**PROMPT**
Nothing but the lines from the one including "Skate Horse" through the last line of the entries, restated exactly, should appear in the answer; omit the pictures.

(DATASET CONTENT begins)

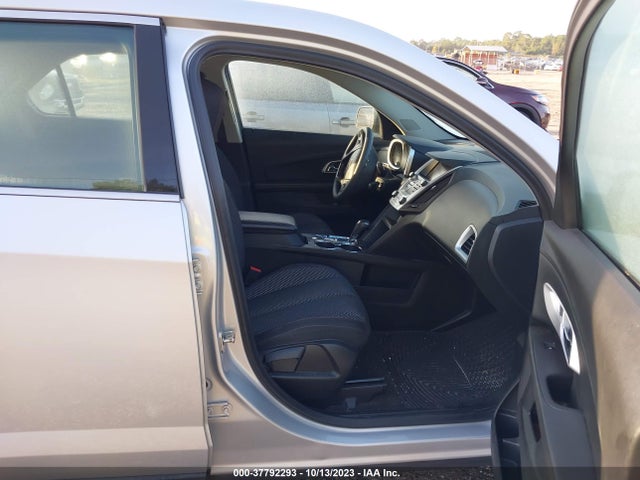 Chevrolet EQUINOX LS 2017 2GNALBEK4H1594018 Image 5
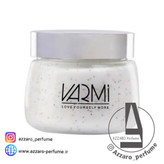 ماسک آبرسان کیک ماسک وارمی حجم ۱50 گرم_فروشگاه اینترنتی آرایشی بهداشتی آزارو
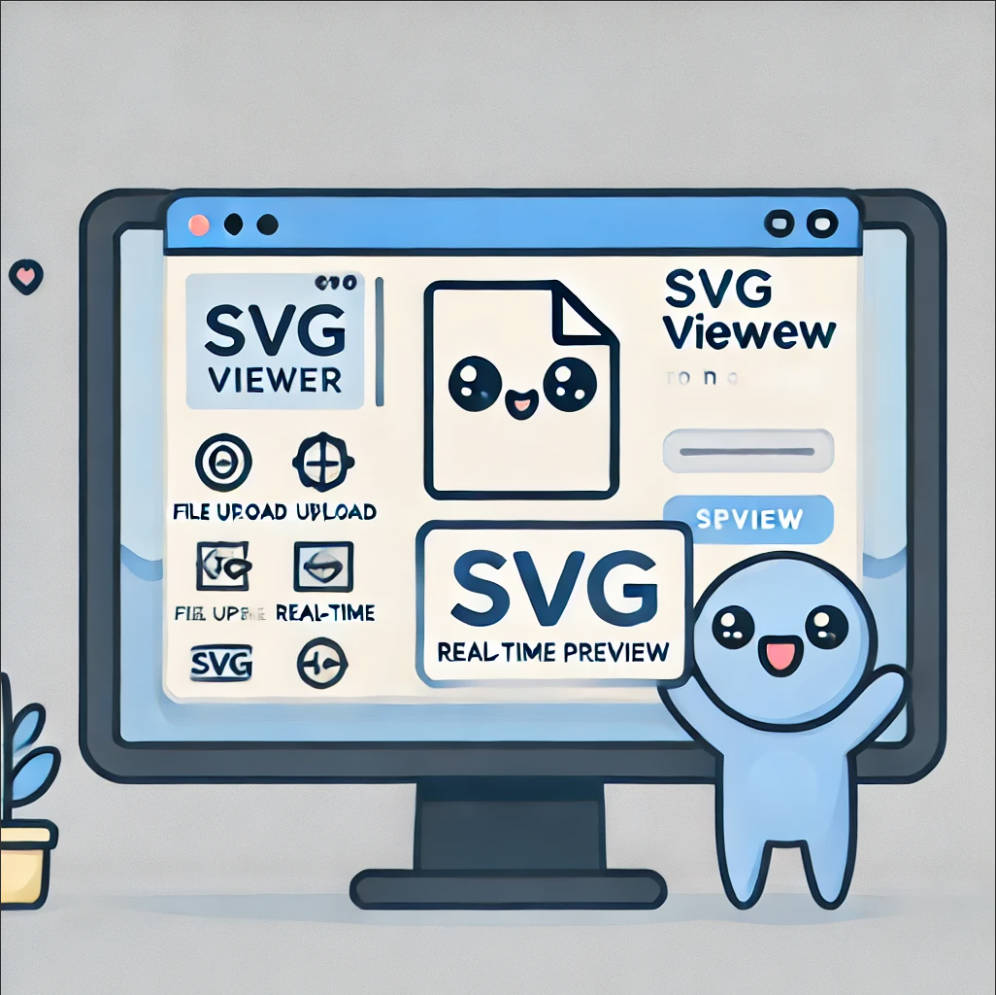 What is SVGViewer?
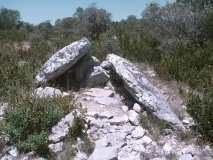 Dolmen de Banne 2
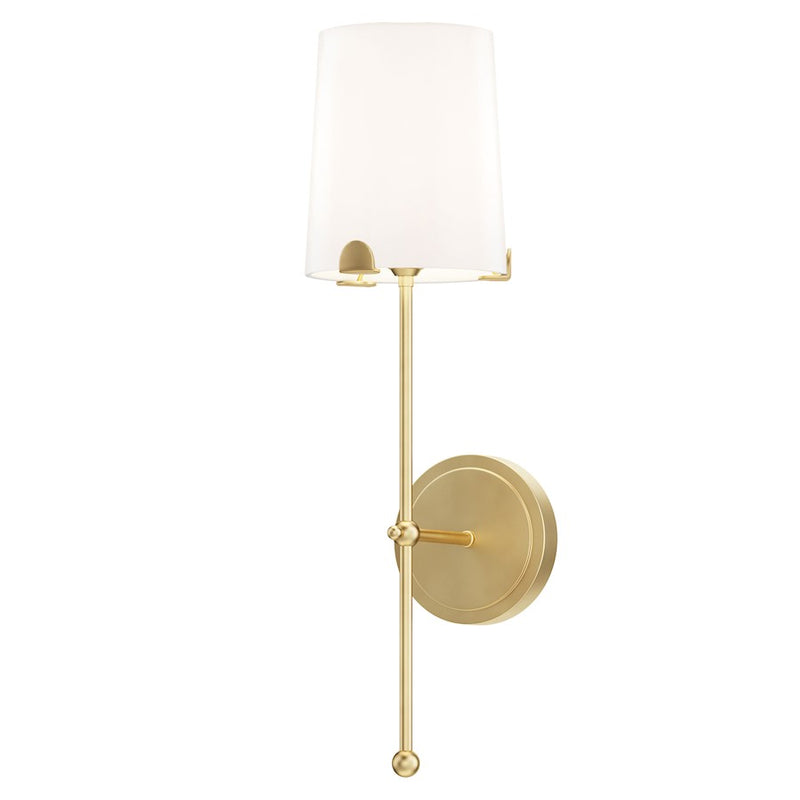 Maxim Lighting Huntington 1 Light Sconce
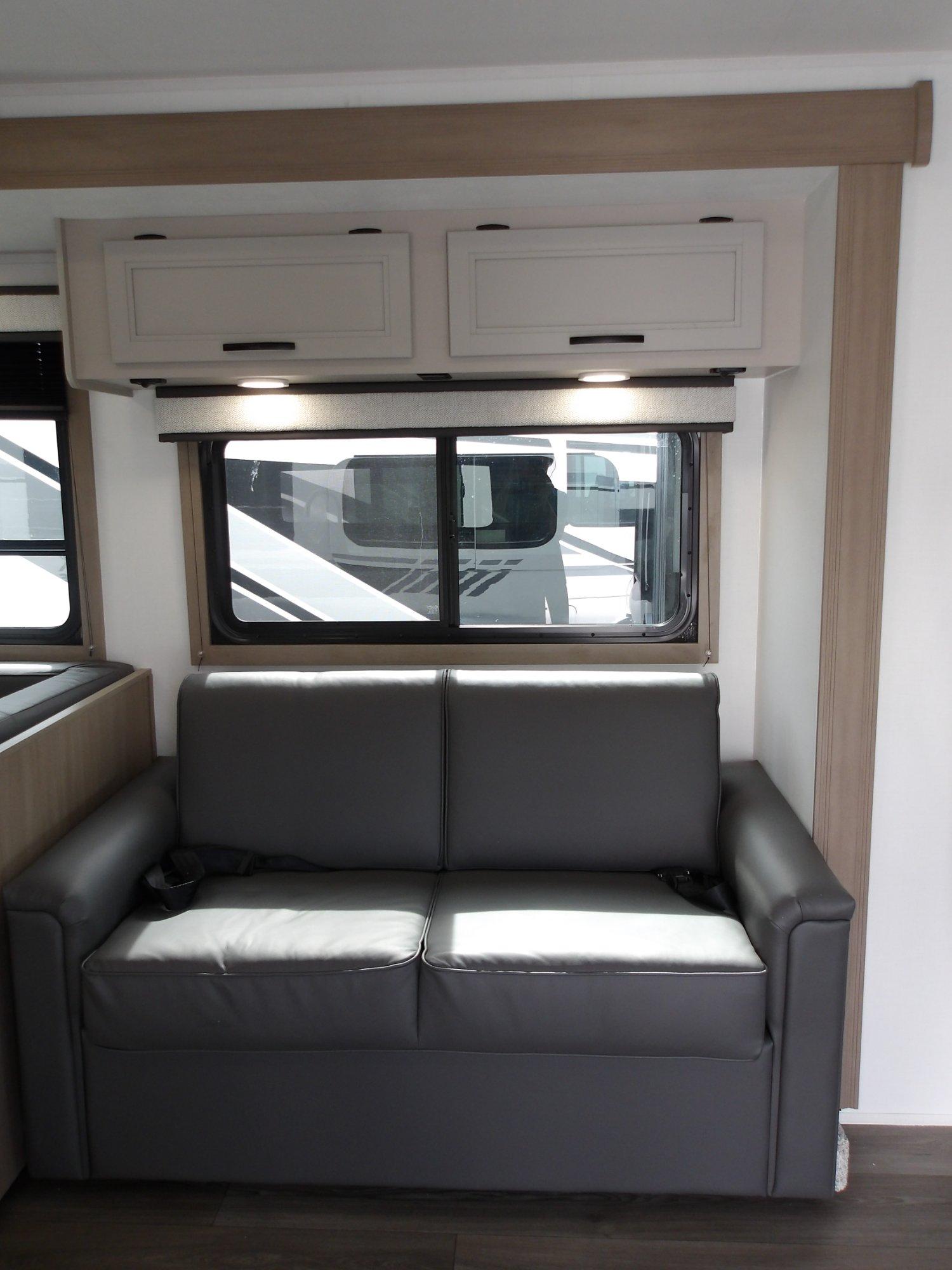 2027 Jayco 2027 Jayco Redhawk SE - thumbnail 25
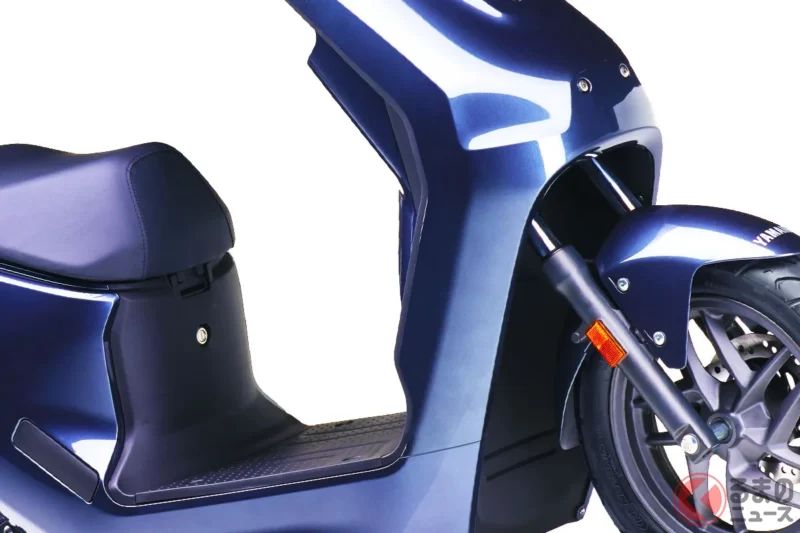 新車只要16萬日圓！Yamaha全新「平價scooter」太突破了！以「壓倒性CP值！」成為話題！還導入Honda技術的新型「Jog E」到底是怎樣的車款？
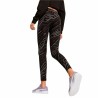 Leggings Sportivo da Donna Puma Essentials Nero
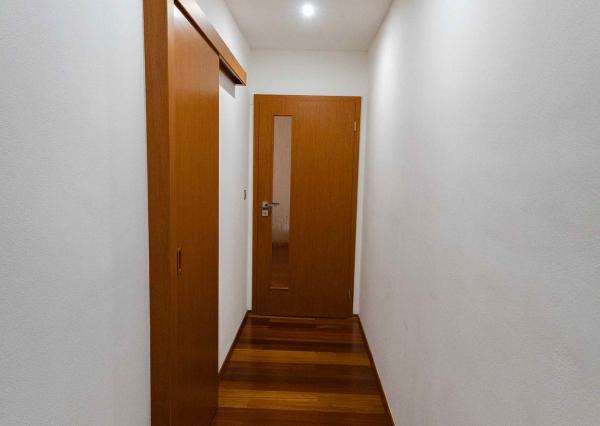 Exkluzívne Vám ponúkame na prenájom 3 izbový byt s loggiou   v Humennom.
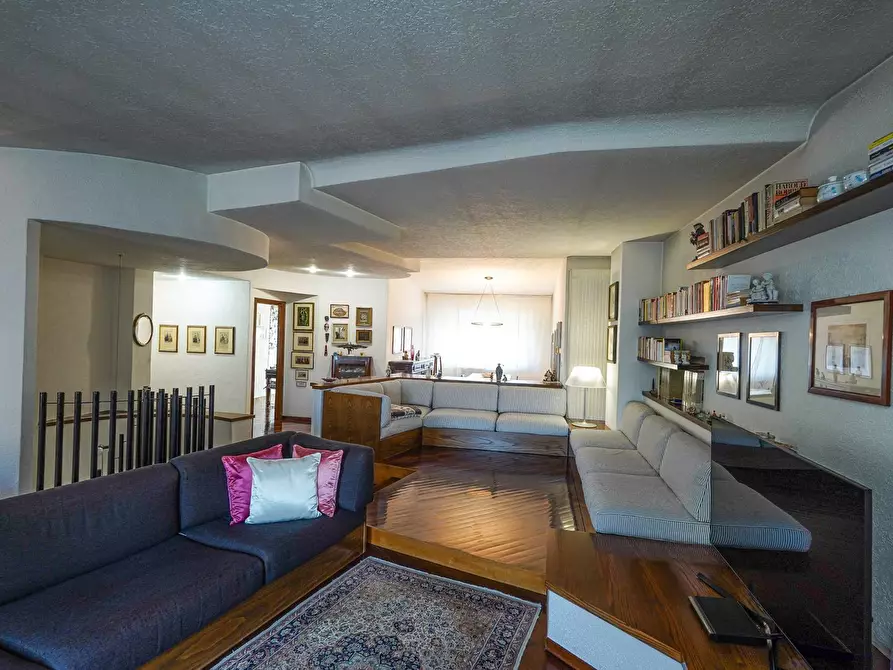 Immagine 31 di Casa indipendente in vendita  in VIA PAPA GIOVANNI XXIII 55 a Azzano San Paolo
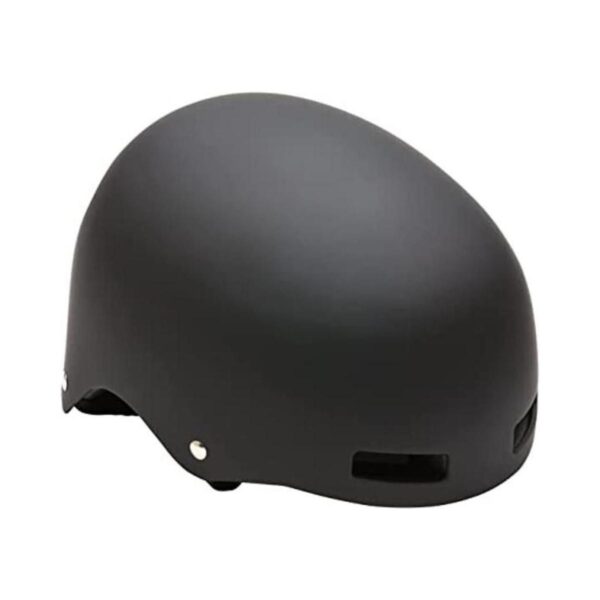 Mongoose Street Hardshell Skull Casco de bicicleta_1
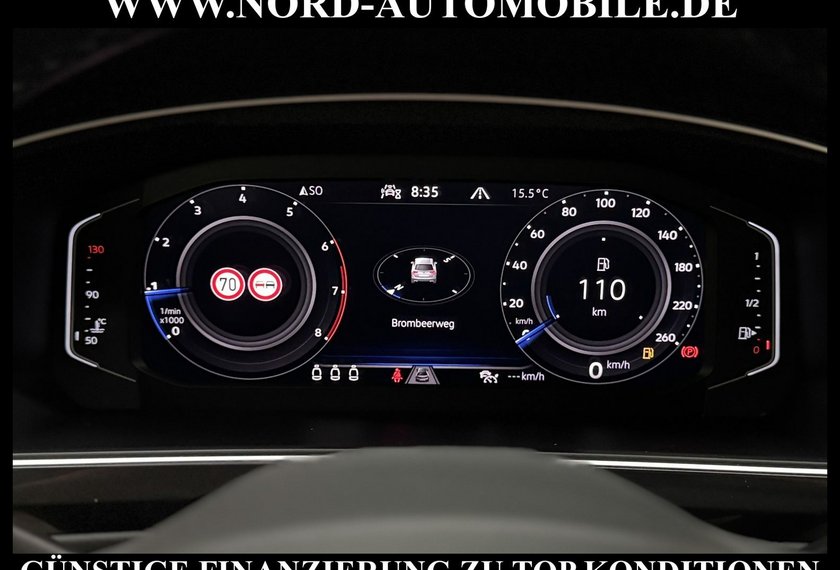 Volkswagen Tiguan Tiguan 1.5 TSI Active *LED*AHK*ACC*KAM*VIRTUAL*
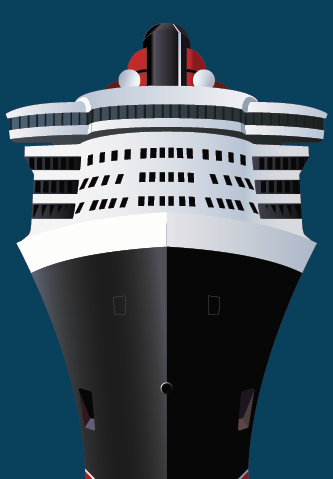 Cunard - 20 things to do in a Transatlantic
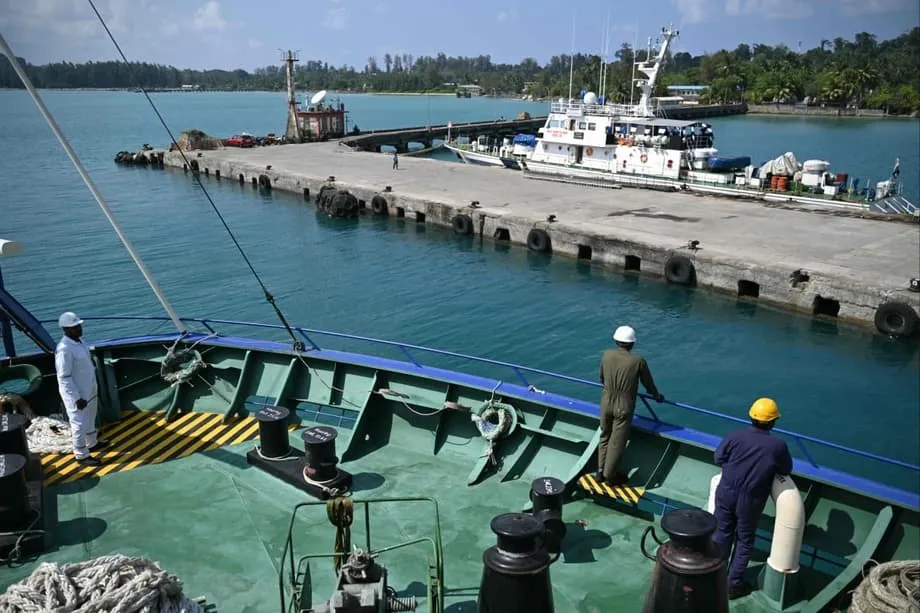Proyek Great Nicobar India: Bagaimana Pulau Terpencil Mengubah Peta Kekuatan di Indo-Pasifik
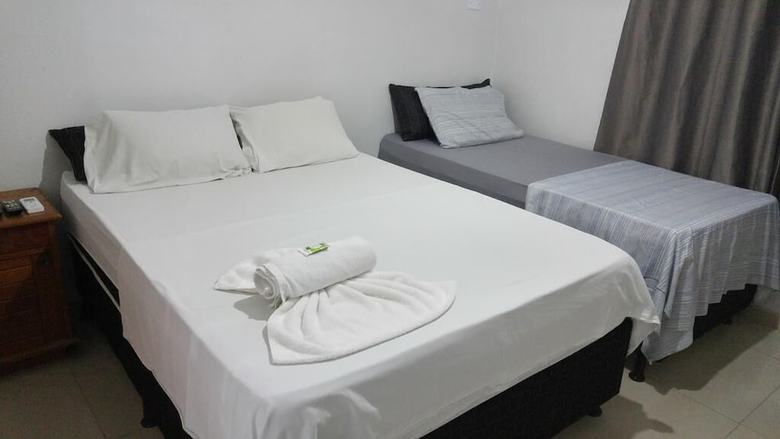 Hotel Papaya
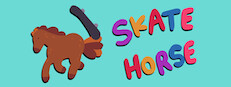 Skate Horse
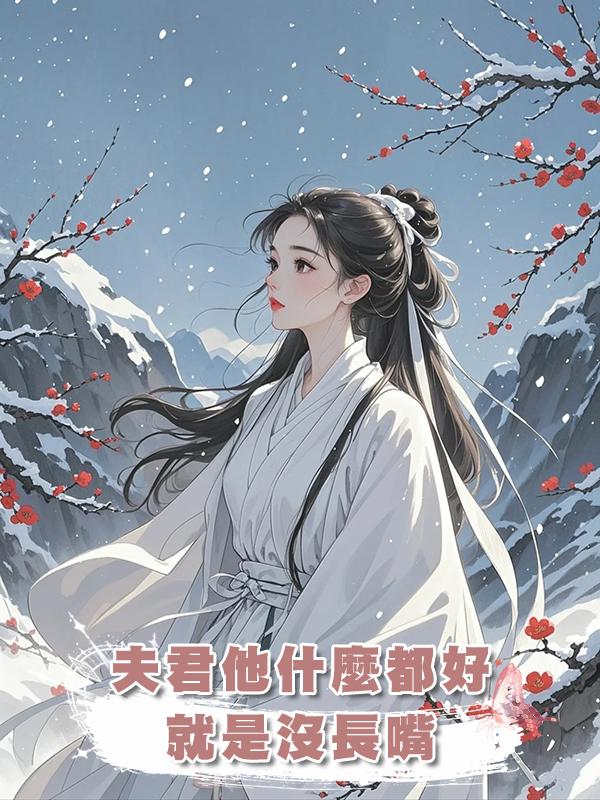 夫君他什麼都好，就是沒長嘴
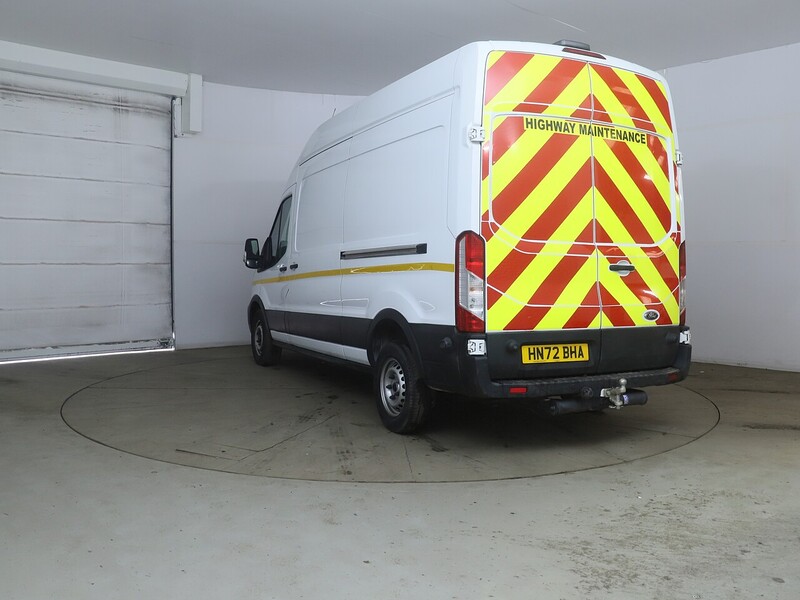 Used Ford Transit 2022 for sale - 78078909: Photo 9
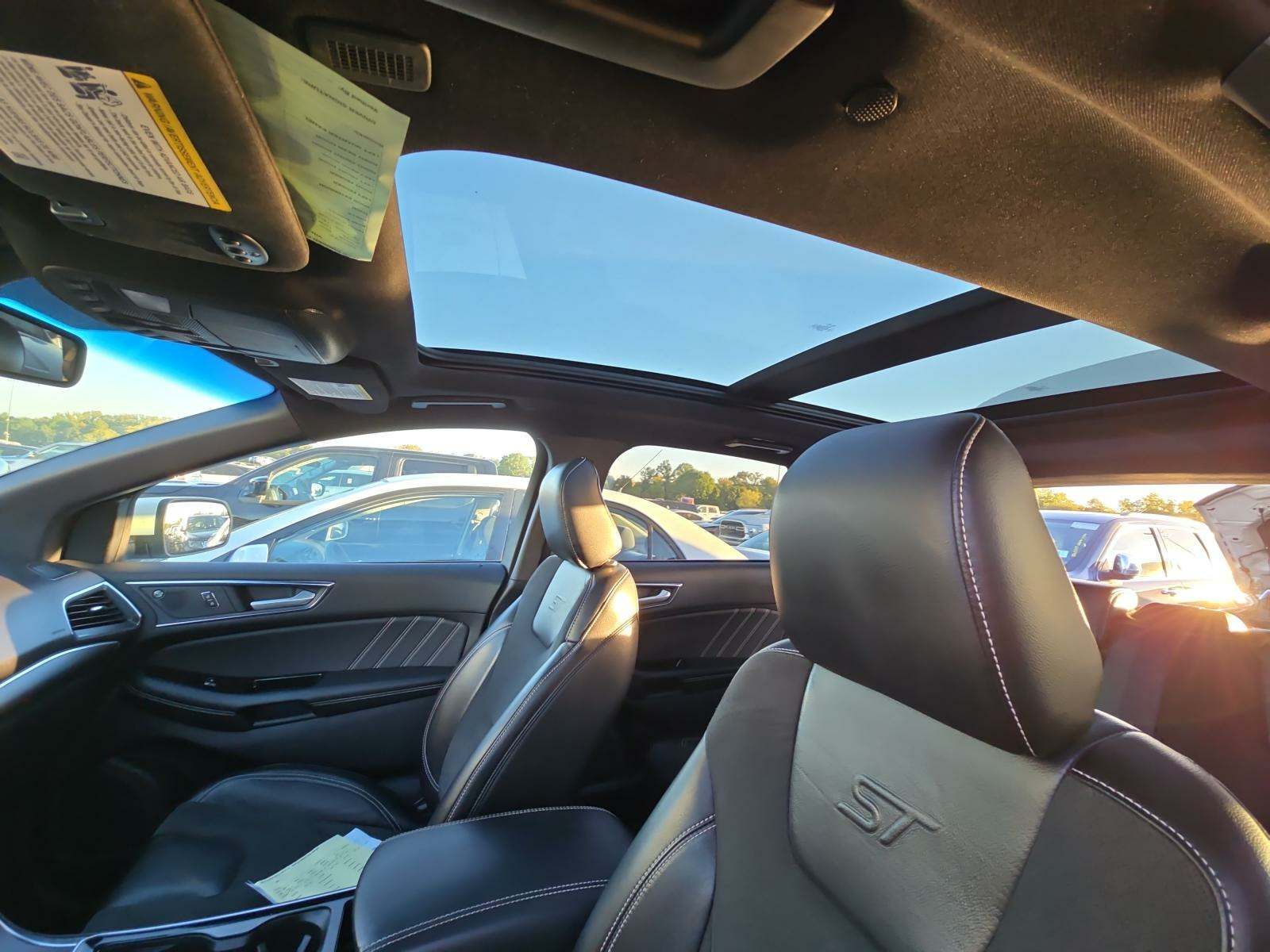 2020 Ford Edge ST AWD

(DATASET CONTENT ends)

**EXERCISE SOLUTION**
 Skate Horse
 夫君他什麼都好，就是沒長嘴
 Used Ford Transit 2022 for sale - 78078909: Photo 9
 2020 Ford Edge ST AWD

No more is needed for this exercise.